Downstream ISA/TMG Server Deployment

This option, which uses either a Microsoft Internet Security and Acceleration (ISA) server or a Microsoft Forefront Threat Management Gateway (TMG) server, is based on the Explicit Deployment. This deployment is different in that it includes an ISA/TMG server (and optionally an Active Directory server) between users and the Web Appliance.

  • Allows the Web Appliance to work with an ISA/TMG Server.
  • If the Sophos ISA/TMG plug-in is installed, and an Active Directory server is on the network side of the ISA or TMG server, then clients (users) can be seen as usernames.
  • Allows you to use multiple Web Appliances in a simple load-balancing deployment.
  • If the Sophos ISA/TMG plug-in is not installed, all traffic will be identified as coming from one user: the ISA/TMG server.
  • If the Sophos ISA/TMG plug-in is not installed or an Active Directory server is not on the network side of the ISA/TMG server, then clients (users) will appear as IP addresses only.
  • Does not support individual user opt-out, although with the ISA/TMG plug-in installed custom policy can be applied to an individual user or group.

Operation

  • Users' HTTP and HTTPS requests are passed through an ISA/TMG server that uses NTLM or IWA Authentication.
  • The ISA/TMG server passes URL requests to the Web Appliance .
  • The Web Appliance assesses the URL.
  • The Web Appliance blocks disallowed requests, checks if allowed URL requests are currently cached, and passes URL requests that are not cached through to the firewall .
    Note
    Port 80 and 443 requests from users are blocked at the firewall , which retrieves the URL's material from the internet ; URLs are only accepted by the firewall if they are from the Web Appliance .
  • The Web Appliance receives new pages or files, caches them, and passes the page or file on to the users .
  • The users receive only safe and allowed pages and files or a notification page.
Note
If the Sophos ISA/TMG plug-in is installed, clients (users) are identified individually; otherwise, all traffic is identified as coming from one user: the ISA/TMG server .
Note
If the Sophos ISA/TMG plug-in is installed, and an Active Directory server is on the network side of the ISA/TMG server , then clients (users) can be seen as usernames; if the Active Directory server is not appropriately located, clients (users) appear only as IP addresses in reports and user activity logs.

The ISA/TMG plug-in can be downloaded from the Configuration > Network > Hostname page. The ISA/TMG plug-in is compatible with Microsoft ISA Server 2004 and 2006, and Microsoft Forefront TMG 2010.

Configuration

Important
The Web Appliance may not catch malware stored in the ISA/TMG server's cache. To avoid this risk, be sure to clear the ISA/TMG cache prior to enabling this network deployment.
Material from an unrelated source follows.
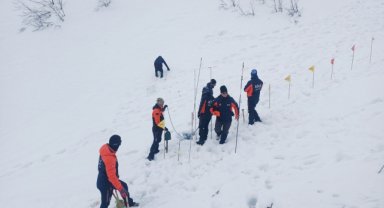 Artvin'de çığ altında kalan çobanı arama çalışmaları yeniden başladı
Follow the configuration instructions for the Explicit Deployment scenario, but with the following differences:

  • Ensure that your ISA/TMG server is between the clients and your Web Appliance.
  • Ensure that your ISA/TMG server is configured to pass traffic through the Web Appliance if it is configured in an Explicit Deployment.
  • Ensure that your Active Directory server, if you are using one, is located on the network side, between your clients (users) and your ISA/TMG server. The ISA/TMG server must also be configured to allow communications between your Web Appliance and your Active Directory server.
    Note
    Web Appliance policy will be applied to users authenticated by the Active Directory server using the pre-Windows 2000 format DOMAIN\username only.
  • If the ISA/TMG plug-in is installed, enter the IP address of the downstream ISA/TMG server in the Accept authentication from downstream ISA/TMG servers section on the Configuration > Network > Hostname page.
Note
A simple way to set up load balancing amongst multiple Web Appliances is to set up a DNS round robin scheme. If you do this, you should disable DNS caching because Windows DNS caching can mask the round robin effect. To disable Windows DNS caching, see the Microsoft Support article http://support.microsoft.com/kb/318803. You must ensure that you have a firewall with network address translation (NAT), but not an ISA or TMG server in firewall mode, between the Web Appliances and the internet. This firewall must be configured to present a single IP for the Web Appliances to the sites on the internet. The NAT, or IP masquerading, prevents sites that check and record the IP address of visitors in cookies from encountering multiple IP addresses.
Note
Explaining how to configure an ISA/TMG Server is beyond the scope of this documentation. For details on ISA/TMG Server configuration, see the Microsoft ISA Server Deployment page or the Microsoft Forefront TMG Deployment page.